An exact restatement of the data is required, with the images omitted.
====================
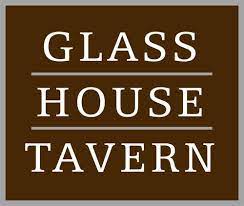 Glass House Tavern Theater District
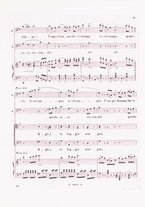 spartito/BVE0277683/36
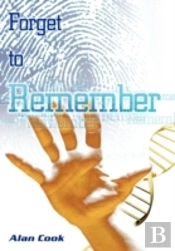 Forget To Remember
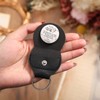 Sureio Pocket Hug Token Gifts for Men Boyfriend Girlfriend Inspirational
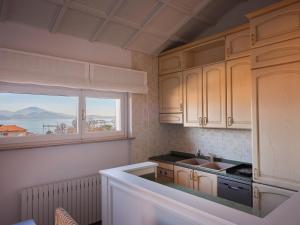 APPARTAMENTO CHRISTINA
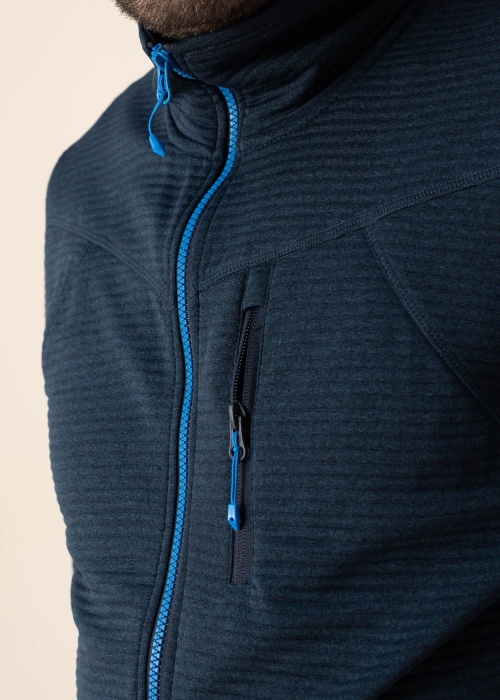 Кофта Berthold Icepeak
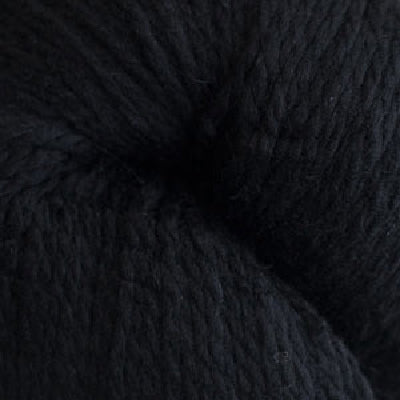 Cascade Ecological Wool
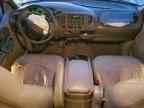 2001 FORD F-150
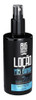 Loção Pós Barba Big Barber 250ml Menthol Refrescante 12 Unid 3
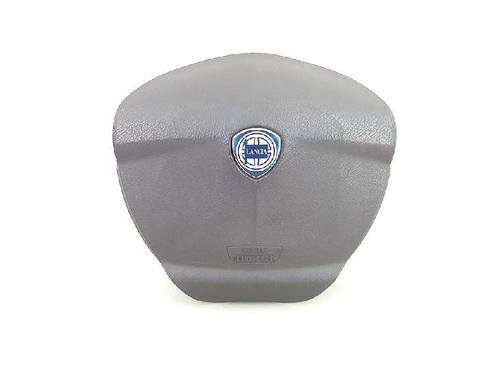 Driver airbag LANCIA MUSA (350_) 1.4 (350.AXA11, 350.AXA1A) | BP27951225C9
====================
• TASK RESULT
 Glass House Tavern Theater District
 spartito/BVE0277683/36
 Forget To Remember
 Sureio Pocket Hug Token Gifts for Men Boyfriend Girlfriend Inspirational
 APPARTAMENTO CHRISTINA
 Кофта Berthold Icepeak
 Cascade Ecological Wool
 2001 FORD F-150
 Loção Pós Barba Big Barber 250ml Menthol Refrescante 12 Unid 3
 Driver airbag LANCIA MUSA (350_) 1.4 (350.AXA11, 350.AXA1A) | BP27951225C9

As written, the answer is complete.